* [WORK ITEM]
Below are lines of records; copy exactly those from the one containing "文玩核桃把件40大粗筋 187" through the one containing "Photo of property", leaving the pictures behind.

* [EXTRACTED DATA]
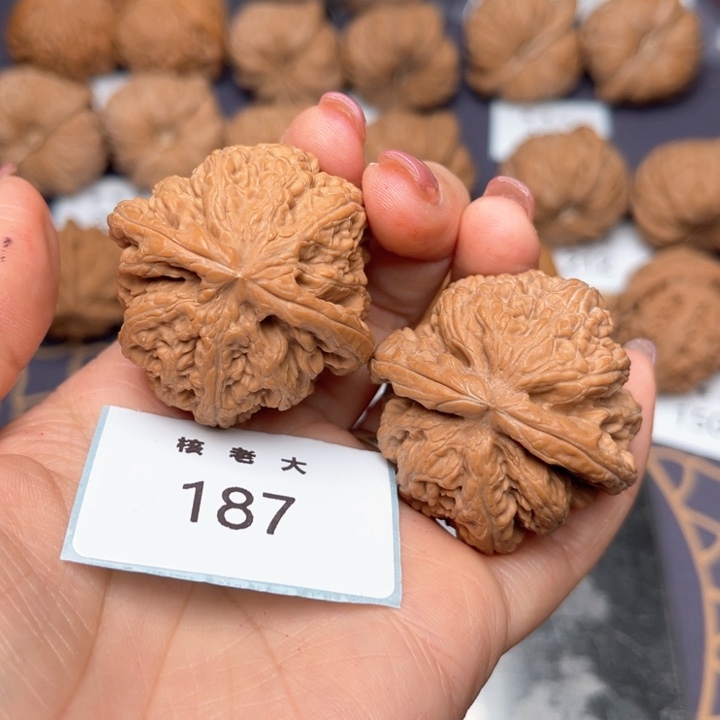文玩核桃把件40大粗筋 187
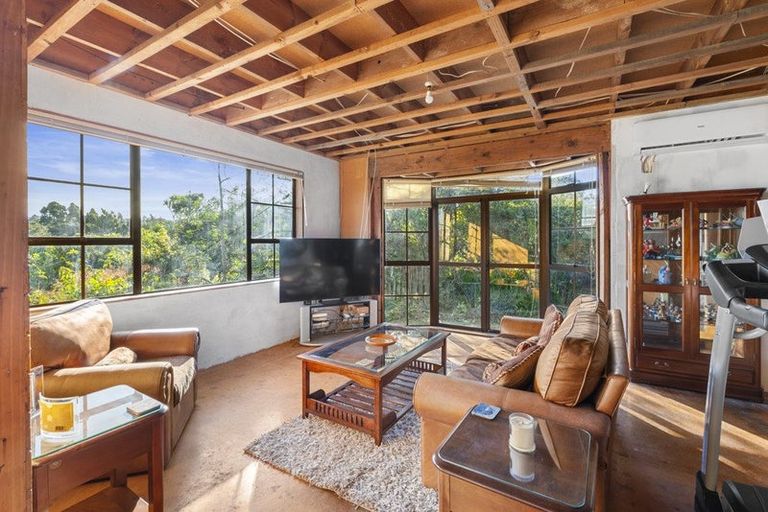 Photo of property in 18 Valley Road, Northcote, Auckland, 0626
...
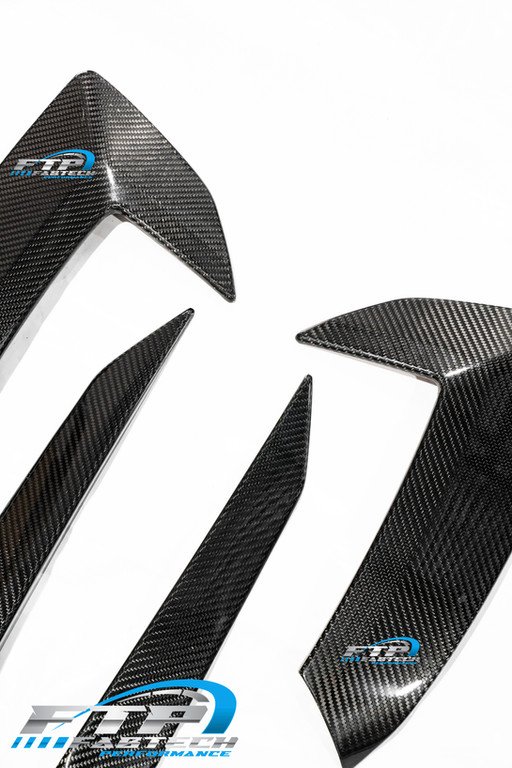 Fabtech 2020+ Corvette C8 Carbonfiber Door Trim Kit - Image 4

* [SOLUTION BELOW]
文玩核桃把件40大粗筋 187
 Photo of property in 18 Valley Road, Northcote, Auckland, 0626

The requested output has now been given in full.